Sacroiliac(SI) Joint Fusion
- A minimally invasive procedure to stabilize an injured sacroiliac joint and relieve pain
- For people who are experiencing intense debilitation pain from an injured sacroiliac joint
- Forty-five-minute minimally invasive procedure, typically with a quick recovery of a few weeks Forty-five-minute minimally invasive procedure, typically with a quick recovery of a few weeks
Frequently Asked Questions
There are two sacroiliac joints that connect the sacrum, located at the base of the spine, to the iliac bones, which make up the pelvis. When the ligaments or bony surfaces are damaged, due to trauma, arthritis or other conditions, the sacroiliac joints can be the source of intense pain that may radiate into the leg or back.
A variety of tests performed during physical examination may help reveal the SI joint as the cause of your symptoms. Sometimes, X-rays, CT-scan or MRI may be helpful in the diagnosis of SI joint-related problems.
The most relied upon method to accurately determine whether the SI joint is the cause of your low back pain symptoms is to inject the SI joint with a local anesthetic. The injection will be delivered under either X-ray or CT guidance to verify accurate placement of the needle in the SI joint. If your symptoms are decreased by at least 50%, it can be concluded that the SI joint is either the source of or a major contributor to your low back pain. If the level of pain does not change after SI joint injection, it is less likely that the SI joint is the cause of your low back pain.
- Lower back pain
- Pelvis / buttock pain
- Hip / groin pain
- Pain radiating down one or both legs
- Feeling of leg instability (buckling, giving way)
- Disturbed sleep patterns due to pain
- Disturbed sitting patterns (unable to sit for long periods, sitting on one side)
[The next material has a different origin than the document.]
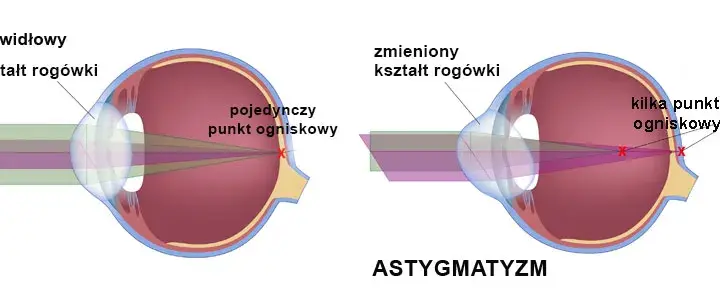 Największa wada wzroku: jakie powikłania grożą Twoim oczom?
- Pain going from sitting to standing
Initial treatment for sacroiliac joint pain may involve physical therapy, pain medications, injections or bracing with a belt. Another intervention is radiofrequency ablation, an image-guided procedure that interrupts the pain signal traveling from the sacroiliac joint to the brain.
If these treatments don’t bring significant or long lasting relief, patients may ultimately choose a surgery called sacroiliac joint fusion.
Sacroiliac joint fusion is a minimally invasive procedure that involves a small incision, usually less than two inches long. Under image-guidance, we insert titanium implants across the sacroiliac joint to provide stability.
The procedure takes about 45 minutes and is often performed in an outpatient setting.